**Data section:**
▼

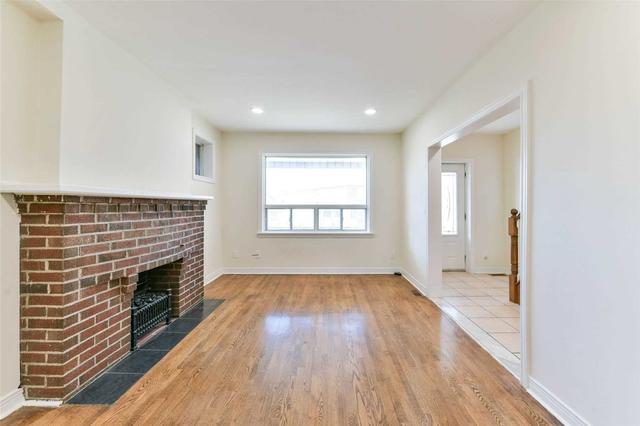 main - 713 Vaughan Rd, House detached with 3 bedrooms, 2 bathrooms and 3 parking in Toronto ON | Image 11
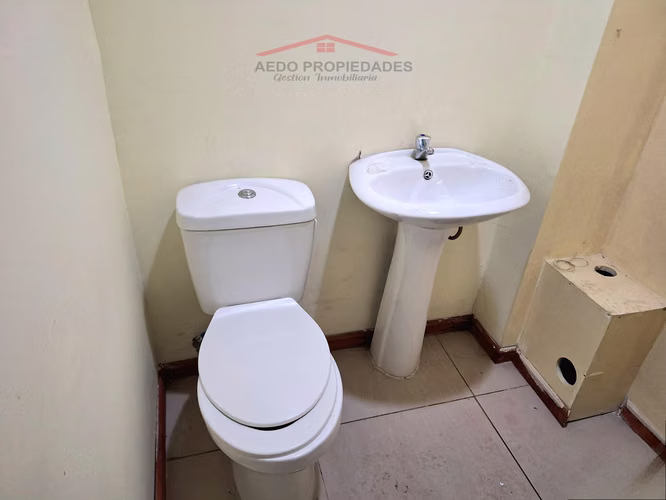 Se Arriendan Oficinas y Locales comerciales, Galeria centro de Quillota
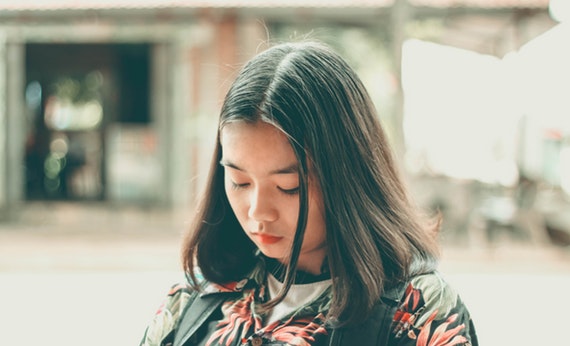 Wanita sedang menundukan kepala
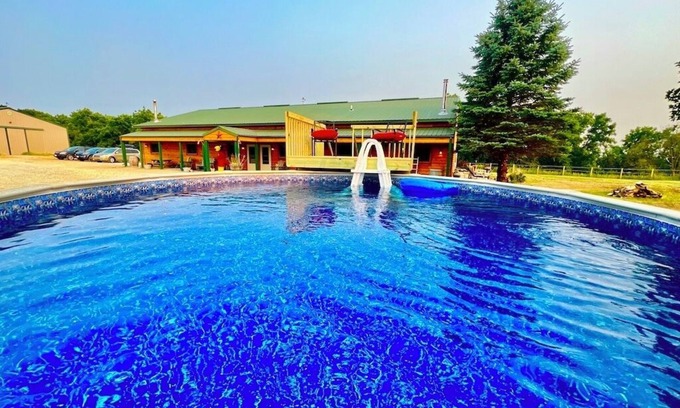 Harpers Ferry Cabin | Sunset Lodge 9 BedroomLodge W/Hot Tub & Pool
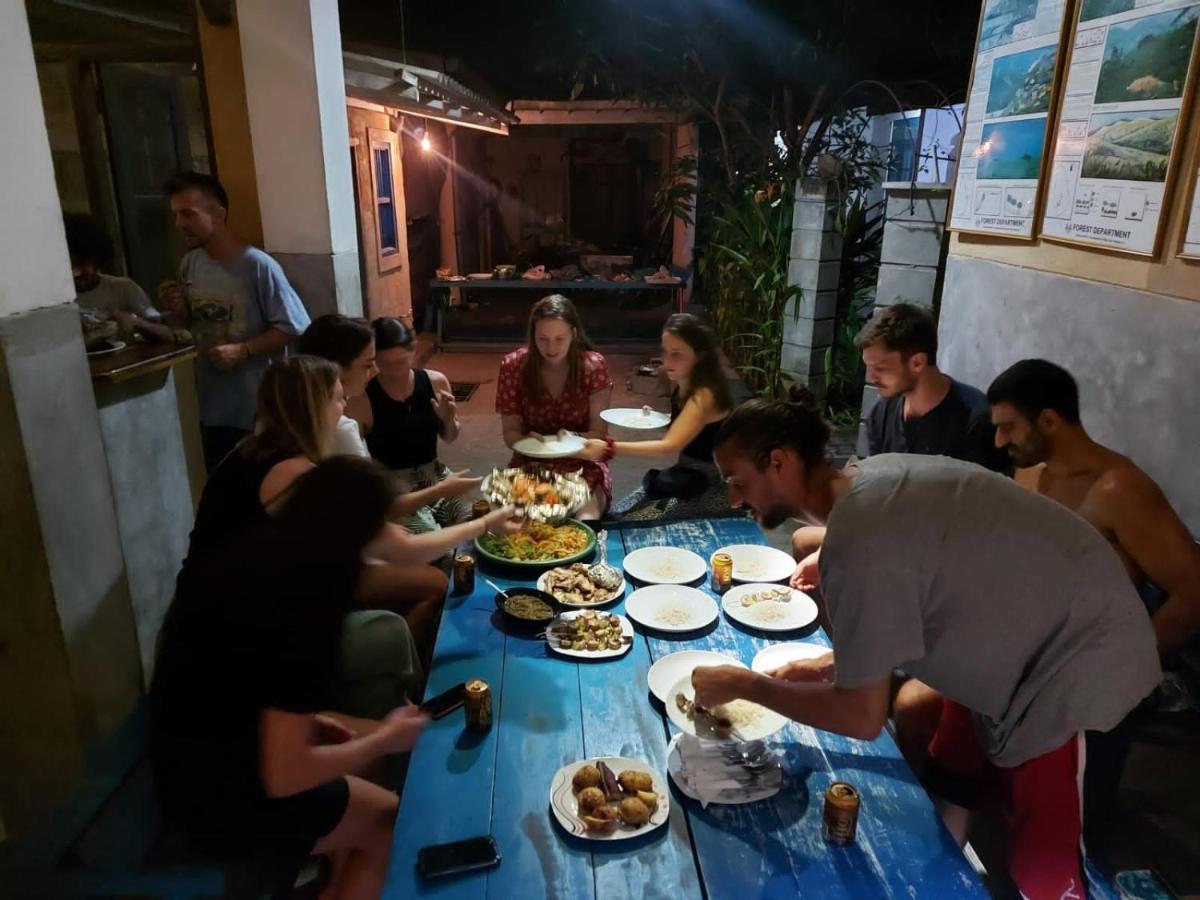 Cycling Backpacker Hostel & Cafe Unawatuna Zewnętrze zdjęcie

▲

**Task to complete:** The required output is the lines from the one containing "Harpers Ferry Cabin" through the end of the data, printed exactly, with no pictures.

**Completed task:**
 Harpers Ferry Cabin | Sunset Lodge 9 BedroomLodge W/Hot Tub & Pool
 Cycling Backpacker Hostel & Cafe Unawatuna Zewnętrze zdjęcie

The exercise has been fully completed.